Acababa
de leer un artículo de revista en el que el entrevistado aseguraba que la mejor
cultura televisiva era aquella en la que la televisión estaba siempre apagada.
Como queriendo llevar la contraria
al intelectual de turno, llegó a casa, encendió el acondicionador de aire y se
dispuso a preparar la comida.
Había encendido la televisión, pero
era un ruido de fondo que nada decía porque no le llegaba con claridad el
contenido del programa hasta el lugar en que se encontraba.
Terminó de prepararse la cena. Iba a
cenar, a tomarse una cerveza y disfrutar de un programa cultural que le
encantaba.
Consideraba que la televisión, al
fin y al cabo, era como todo. Dependía del uso que se hiciera de ella.
Estaban presentando un museo, el
Gran Museo de la Ciudad, especializado en esa larga época que enlazaba la Edad
Media con la Contemporaneidad. El locutor preguntaba a una chica, vestida de
verano, de yukata, azul, rameada, de algodón. Hacía bella a la muchacha que ya
era bella de por sí. Lindamente maquillada y recogido el pelo en un moño no
demasiado elevado.
Las resonancias sensuales de su
mirada, del peinado, de la figura moviéndose en la pantalla eran como para
dejar turulato a cualquiera.
De pronto dio un repingo en la
silla. ¡Era ella! Sí, era la misma chica que le había guiado por el museo
dándole tan estupendas explicaciones. Ahora lo entendía todo. Se había
lindamente burlado de él. Había sido una burla simpática, por lo que no se lo
tomó a mal. Al contrario. Le empezaron a fluir, mientras veía el programa, las
imágenes de ese día. Ella no era nada más que una visitante como él en el
museo.
La canícula de verano se iba
acercando. El calor era intenso, lo que unido a la humedad del tiempo de lluvía
hacía que los días y las noches fueran poco menos que insoportables.
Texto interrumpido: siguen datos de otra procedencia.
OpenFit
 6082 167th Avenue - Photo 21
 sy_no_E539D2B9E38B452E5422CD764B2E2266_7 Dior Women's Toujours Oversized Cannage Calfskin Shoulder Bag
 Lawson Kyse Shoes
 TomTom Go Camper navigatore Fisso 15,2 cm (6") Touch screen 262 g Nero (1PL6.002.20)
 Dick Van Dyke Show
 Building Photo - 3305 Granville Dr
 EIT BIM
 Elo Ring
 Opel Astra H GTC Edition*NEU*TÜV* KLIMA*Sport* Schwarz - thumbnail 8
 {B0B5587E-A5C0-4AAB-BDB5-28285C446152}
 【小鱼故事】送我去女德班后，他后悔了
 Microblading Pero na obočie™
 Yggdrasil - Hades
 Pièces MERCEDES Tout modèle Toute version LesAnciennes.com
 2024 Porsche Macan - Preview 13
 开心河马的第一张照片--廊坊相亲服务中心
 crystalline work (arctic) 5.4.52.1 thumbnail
La noche anterior había dormido
poco. Se le ocurrió la idea, maldita, pensó en algún momento, de empezar a leer
un libro cuyo título era “Una noche en el Museo del Prado”. El visitante del
museo se había quedado dormido en un rincón y cuando se despertó ya estaba
cerrado. Se dispuso a pasar la noche allí cuando las figuras de los cuadros
empezaron a hablar entre ellas, de cuadro a cuadro, incluso salían de los
mismos para darse un paseo por el museo.
Ante tan singular espectáculo, el
espectador pasó toda la noche en vela y el lector también. Al día siguiente
tenía que levantarse con las gallinas. El sueño le hacía arrastrar los pies,
pero no estaba el horno para bollos. Quedarse dormido podía significar tener
que hacer más de un ayuno.
Cumplió y se fue a trabajar. El tema
de la clase del día era el clima y su influencia en la vida diaria:
Alimentación, vestido, agricultura y un largo etc., del que muchas veces nadie
era consciente.
Tuvo que arrearse más de un pellizco
para no quedarse dormido. Terminó a mediodía, comió algo y se fue camino del
pluriempleo.
El cansancio pudo con él. Se quedó
dormido y se pasó de estación. Cuando despertó estaba en una estación en la que
nunca había estado. Le sonaba por los luchadores de sumo y cosas así. Además
sabía que por allí estaba el Museo de la Edad Media, o como se llamase.
Bueno, pensó, no todo va a ser
penar. Hoy el trabajo empieza más tarde. Esto puede servir para culturizarse.
Bajó del metro, preguntó la
dirección del museo y se dirigió hacia allí con todo el gusto del mundo. La
amplitud del espacio, el olor a verde fresco, la fragancia del viento, no
demasiado fuerte, pero con resonancias de tifón, hacían de la tarde una hora
llena de buenas espectativas.
Llegó a la taquilla y compró el
billete. La exposición permanente estaba en la sexta planta. Una larga escalera
tubular le llevaba hacia arriba. Algunos kimonos y yukatas jugaban a una
especie de bolos medievales. Quedaban plenamente integrados en el paisaje.
Conforme iba subiendo la escalera
automática, las paredes iban mostrando figuras de antiguos cuadros, de antíguas
épocas, con su belleza particular, con sus trajes peculiares, generalmente
coloristas y agradables.
Figuras que ya había visto en reproducciones
de libros o en televisión. Kimonos de alta costura, veraniegas yukatas
estampadas para todas las edades que equilibraban los cuerpos dejándolos en el
misterio hasta que fueran descubiertos en el juego del amor cuando a cada cual
le tocara.
Tiempos pasados que ya no volverían
pero que dejaban en el alma del visitante un cierto sabor nostálgico.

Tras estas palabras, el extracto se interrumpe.